Click here to learn more about author James Kobielus.
We’re living in a supposedly post-industrial era. So it can feel a bit odd to refer to the need to bring “industrialization,” an “assembly line” approach, or “factory”-like processes to the development of business analytics.
Behind any such discussion, the specter of automation usually lurks, as the author of this recent O’Reilly article makes explicit in her first sentence. But I think she greatly overstates the importance of automation in the industrialization of any function. She doesn’t go so far as to predict massive unemployment for human data scientists, but one wouldn’t be surprised to see others read that into her otherwise excellent discussion of trends in business analytics.
Contrary to what many believe, automation isn’t the essence of industrialization. You can achieve many of the same benefits without turning personnel into de-skilled drones who are doomed to stoke a heartless machine. Even in enterprises that we all take as the very definition of industrial—such as manufacturing, mining, and milling—there are a wide range of indispensable human functions. Fundamentally, industrializing any business function—even those that we associate with the post-industrial economy–involves organizing it to achieve greater scale, speed, efficiency, and predictability.
With that in mind, you can industrialize enterprise analytics by reconstituting its operational processes around the following core principles:
- Role specialization: This has been the core principle of industrial production since long before there were machines to do the work. The key specializations in an industrialized analytics process consist of data scientists, data engineers, application developers, business analytics, and subject-domain specialists. As I discussed in this recent post, role specialization within collaborative environments enables team members to pool their skills and specialties in the exploration, development, deployment, testing, and management of machine learning and other data-driven business-analytics models.
- Workflow patterning: This is the foundation of scale, speed, efficiency, and quality control in any industrial process. The principal patterns in the analytics lifecycle consist of standardized tasks, flows, and rules governing the creation and deployment of machine-learning models, statistical algorithms, and other repeatable data/analytics artifacts. As I discussed in this recent post, the primary workflow patterns fall into such categories as data discovery, acquisition, ingestion, aggregation, transformation, cleansing, prototyping, exploration, modeling, governance, logging, auditing, archiving, and so on. In a typical enterprise analytics practice, some of these patters may be largely automated, while others may fall toward the manual, collaborative, and agile end of the spectrum.
- Tool-driven acceleration: This is what people usually associate with task automation. As I discussed in this recent post, many analytics lifecycle processes are being accelerated through cloud-based tools and platforms such as massively-parallel cloud-based Spark runtime engines; through unified workbenches for fast, flexible sharing and collaboration within analytics development teams; and through on-demand, self-service collaboration environments that provide each specialist with tools and interfaces geared to their specific tasks.
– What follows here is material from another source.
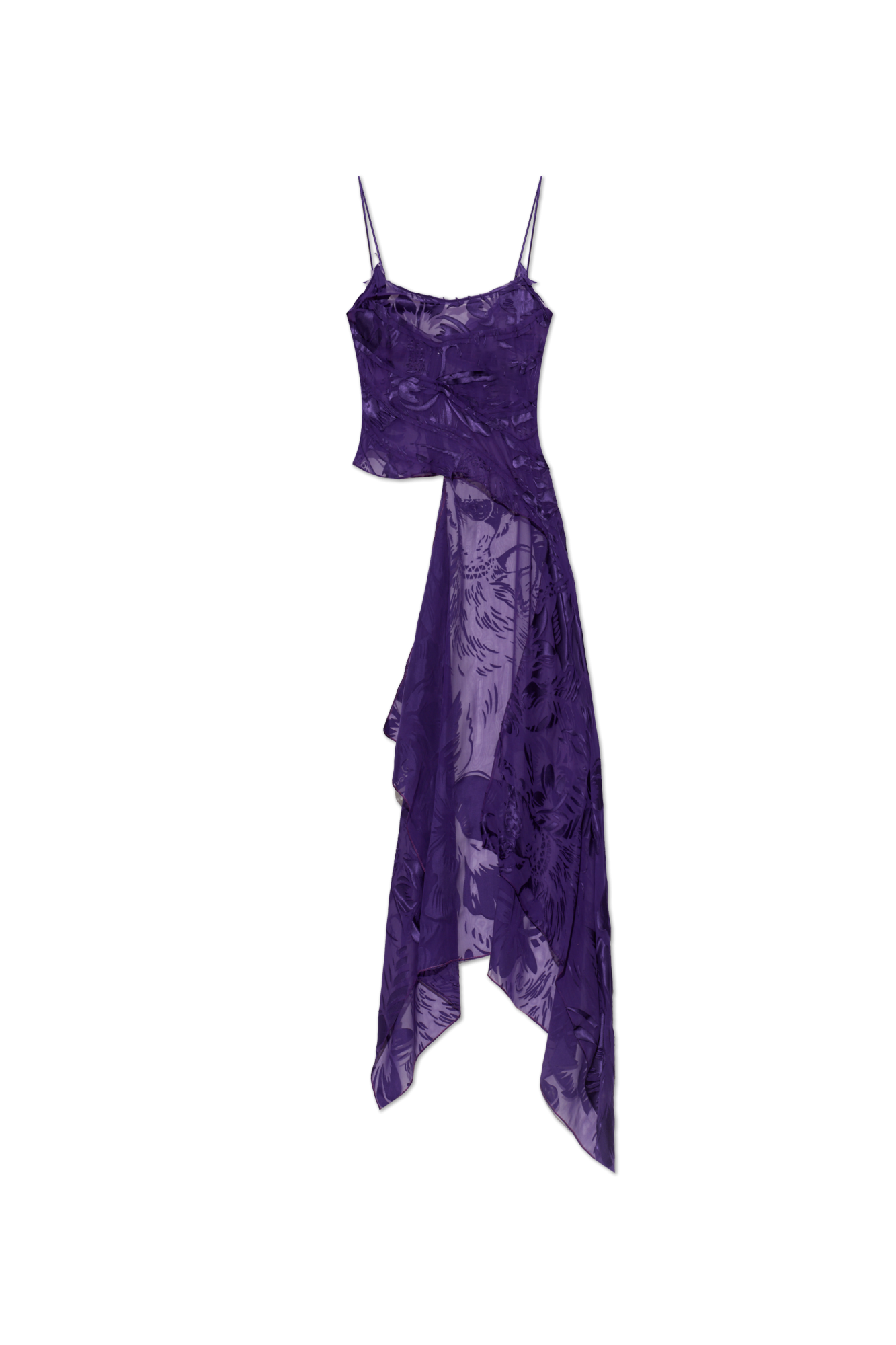 Dsquared2 Transparentna Sukienka  Z Dekoracyjnym Wzorem, Kobiety, Fioletowy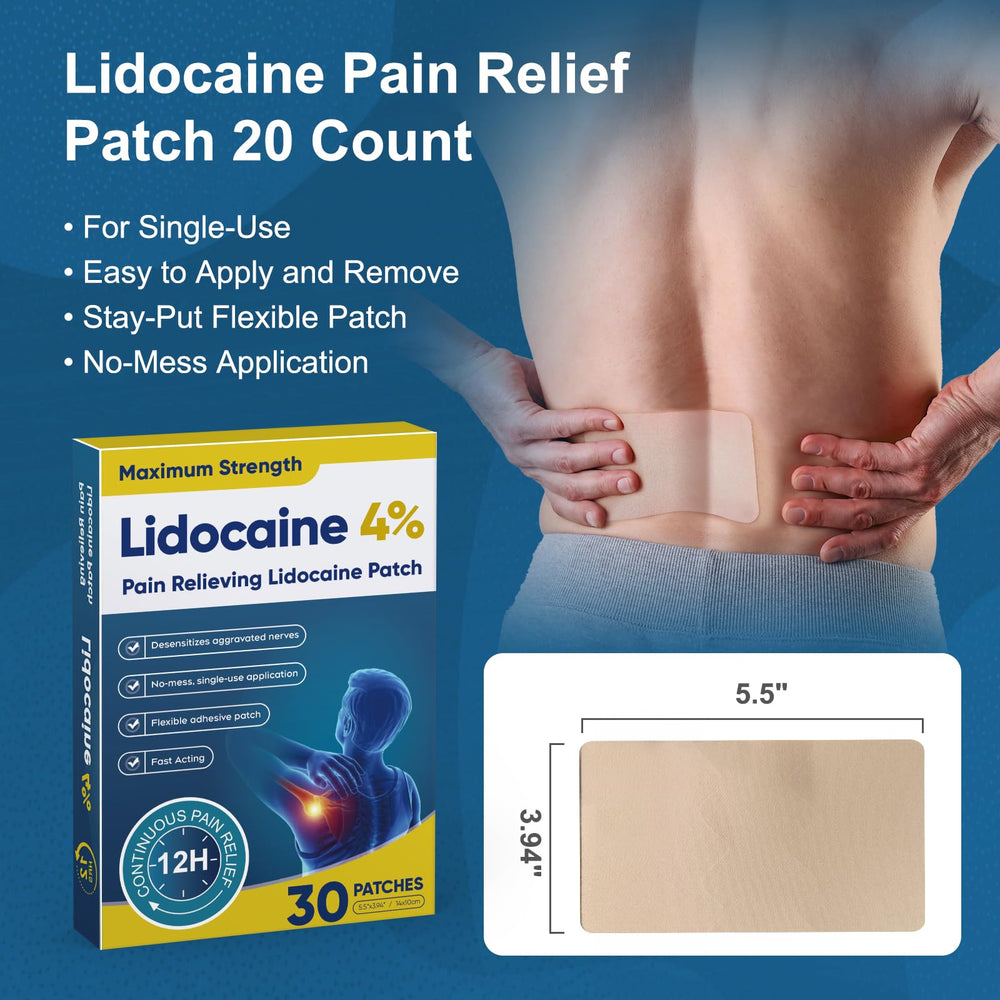 Teemofe Lidocaine patch sealed pouch preserves potency and freshness.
To ensure industrial-grade quality controls, collaboration tools should enable the necessary checks and balances for monitoring and assuring automated outputs. For example, data science teams should be able to create workflows for manual reviews of machine-generated models prior to their deployment into production applications. This is analogous to how high-throughput manufacturing facilities dedicate personnel to test samples of their production runs before they’re shipped to the customer.
Increasingly, we see the nouveau coinage “InsightOps” referring to the intensifying industrialization of enterprise data-science processes. Check out an excellent recent column by my colleagues Tim Vincent and Bill O’Connell on this topic. Obviously based on the established DevOps paradigm, this term refers to a development and deployment lifecycle for data-driven enterprise analytics assets that has the agility to incorporate shifting blends of automated, collaborative, and self-service processes.
As this trend picks up speed, and even as automation pushes more deeply into their core functions, enterprise analytics developers will be in even greater demand. Industrialization of their work processes will enable them to focus on problem solving, domain knowledge, interactive exploration, and application development.